Culture_Visualizing Palestine_Nidal El-Khairy_web

Culture | As it should be seen

Exhibit tells of Palestine through fact and experience

Art can “show the world as it’s supposed to be seen,” according to Javier Hoyos, one of the curators of “Visualizing Palestine,” an exhibit held at Concordia last week as part of Israeli Apartheid Week. The exhibit showcased a collection of images from the non-profit research group that gives the exhibit its name, as well as the work of Palestinian artist Nidal El-Khairy. With these works, “Visualizing Palestine” showed the Palestinian liberation struggle and the reality of living under occupation as it should be seen – free of propaganda and rooted in the voices of the oppressed.

Presented as poster-size reproductions of his original ink-on-paper images, El-Khairy’s art provides powerful visual critiques of current events in Palestine and the Middle East. El-Khairy, whose family was displaced from Jordan in 1948, possesses an intimate perspective of the occupation that is palpable in each image. One striking piece called Cirque du Soleil exposes this oppression with jarring symbols that would likely strike home for both Palestinian and Canadian viewers. In it, an acrobat from the Canadian circus company of the same name practices contortion on an Israel Defence Forces (IDF) tank. A crowd surrounds the base of the tank, watching the acrobat’s mesmerizing performance.
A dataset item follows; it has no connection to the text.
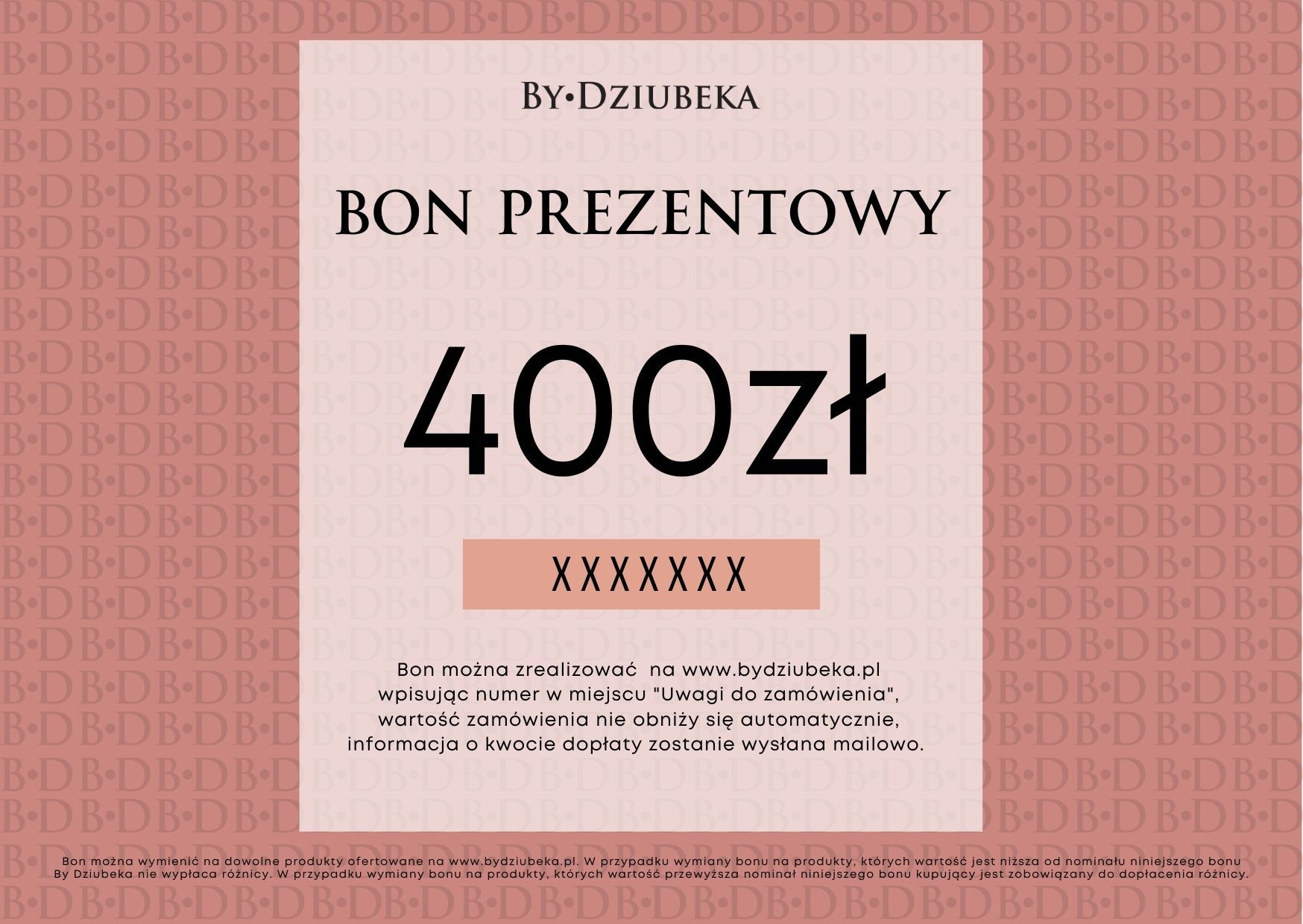 Bon Prezentowy 400 zł online do wydruku BON400 - By Dziubeka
With the caption “You might be flexible, justice isn’t,” the piece calls out the company and the uncritical international public that is failing to question this complicity.

For anyone who has attended a Cirque du Soleil performance, the image comes as a slap to the face, a stinging wake-up call, clearly alluding to the company’s Tel Aviv tour in 2013. With the caption “You might be flexible, justice isn’t,” the piece calls out the company and the uncritical international public that is failing to question this complicity. This unexpected marriage between the graceful entertainer and the violent vehicle emphasizes the link between a seemingly innocent act and the perpetuation of war.

El-Khairy’s work also addresses police brutality and Indigenous solidarity, drawing on his experiences of living in Canada and the U.S.. His piece From Ferguson to Palestine links global systems of colonization, white supremacy, and imperialism. The image portrays a man of colour holding an ignited torch in an unidentified setting and a police officer clasping a machine gun. The man has braided hair and wears a effiyeh, and is thus symbolically tied to two different identities that share a common oppressor. The setting’s anonymity plays into the universality of racial oppression and the destruction of bodies of colour, while the lit torch is an empowering beacon of resistance and solidarity.

“Visualizing Palestine” evades explicit, gory photographs, yet still resonates with painful realities.

Infographics from the research group Visualizing Palestine echo El-Khairy’s vivid stories but instead use hard facts and statistics. The images include charts, graphs, and maps that reflect Gaza’s water crisis, the demolition of Palestinian homes, illegal Israeli settlements, and ceasefire violations.

Providing an accurate alternative to the mainstream media’s biased statistics, the graphs also avoid the dehumanization that usually accompanies these numbers. Rather, they are infographic narratives that utilize imagery to accentuate the scale of damage inflicted on Palestinian communities. In a diagram of water supply appropriation in the West Bank, for example, the thickness of the water pipes shown stretching from an aquifer to Palestinian or Israeli homes indicate the drastic inequities of supply.

Another powerful graph shows a bulldozed Central Park. The caption reads: “Uprooted. The number of uprooted Palestinian olive trees = 33x the trees in Central Park.” Presenting the destruction of a site beloved by many, the image evokes a strong, personal response from the viewer.

With carefully chosen symbols, visual storytelling thrives in this exhibit. “Visualizing Palestine” evades explicit, gory photographs, yet still resonates with painful realities. Without sensationalizing, it communicates facts and individual experiences side by side, and gives a collective group the recognition it deserves. Most impressive in the exhibit was the facilitation of a dialogue between the oppressed and those complicit with the oppressors, providing a non-violent medium for communication. As Hoyos tells The Daily, “[Art] has no borders; it has the power to challenge the status quo, which is to silence, erase, abuse, and oppress the Palestinians.”